Nobody could question Eggers’ reverence for Murnau’s original nor his commitment to creating a full-on vampiric feast of a film. Orlok is a ghoulish treat to gaze upon, transformed from a bolt-upright rat-man, first portrayed by Max Schreck, into a writhing parasitic succubus. Skarsgård also deserves plaudits for the intense physicality he brings to the role, although he does sometimes sound like a Russian lech trying to sell cologne. The cinematography courtesy of Jarin Blaschke is nifty and slinks between scenes seamlessly, while the production design from Craig Lathrop is impressively baroque.

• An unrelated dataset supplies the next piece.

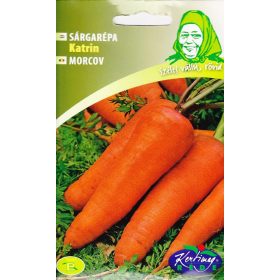Sárgarépa Katrin 5g RÉDEI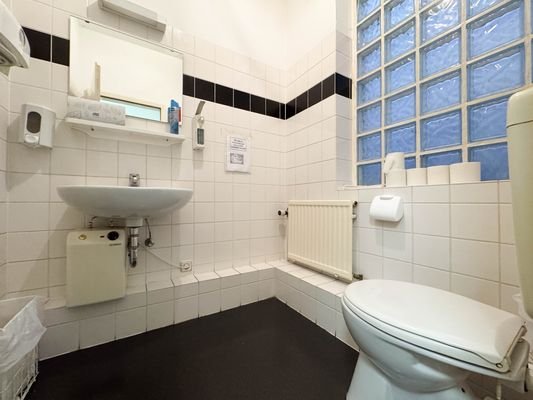 Mitarbeiter WC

Eggers also tackles some of the iconography and indelible scenes from the original with great aplomb. The scene where Thomas is first picked up by Nosferatu’s carriage, presented in the original using the negative film strip, is given a spectral and otherworldly tint that I struggle to adequately describe. Meanwhile, the film’s shadow play is a real treat, as it toys with the liminal space Nosferatu occupies and provides the film’s most evocative imagery. This includes one much-trailered shot of Nosferatu’s claw spreading over the town. This version is certainly not lacking in visual thrills, as every shot seems engineered to loom with dread and portent.

However, me thinks Nosferatu doth portent too much! Indeed, the characters themselves spend a lot of time telling us how ominous everything is, including Ellen, who quite literally tells us how her vision “Portents”. The problem is that under the surface of all this foreboding, the narrative itself feels frankly perfunctory. In adapting the story, Eggers has broadened it out, weaved the Hardings closer to it, and added a whole bunch of occultist exposition delivered by Willem Dafoe, who functions as our Van Helsing stand-in. This makes the film a bit more cohesive, but it also rationalises narrative and character within classical Victorian Gothic conventions. What results is a film robbed of the enigma and elusiveness which made the original so compelling, and which doesn’t compensate for this with any novel developments or insights.

In making the film more expositional, Eggers has also reframed it squarely around Ellen and her direct bond with Nosferatu. This has some interesting potential, but all Eggers does with this is to lean heavily into Victorian themes of lust and obsession with a heavy dose of general psycho-sexual drama. There is a laudable attempt to give Ellen more agency- which is fitting considering her crucial importance in the final act- but this largely falls flat. Depp certainly has the porcelain complexion and arresting beauty of an old-school ingenue, but sadly, she also has the dainty, fragile and unengaging persona of one as well. What’s worse, the attempts to liven her character are consigned to a lot of jerking (which sometimes works but sometimes feels silly) and a brief argument between her and Hutter, which ends in a pointless sex scene and isn’t explored further.

Depp should not be singled out for criticism, however, as a malady for grand annunciation seems to have infected the entire cast. Everyone sounds very posho and very English for a town in Germany. I know this issue troubles countless films, but there is something cartoonishly anglicised here, and the only character note Aaron Taylor-Johnson seems to have received while filming is to be more moustache-twirly.

This new Nosferatu is an admirable effort simmering over with the passion of its director. However, that director also doesn’t have anything new to add to the story, leaving the film a beautiful dud.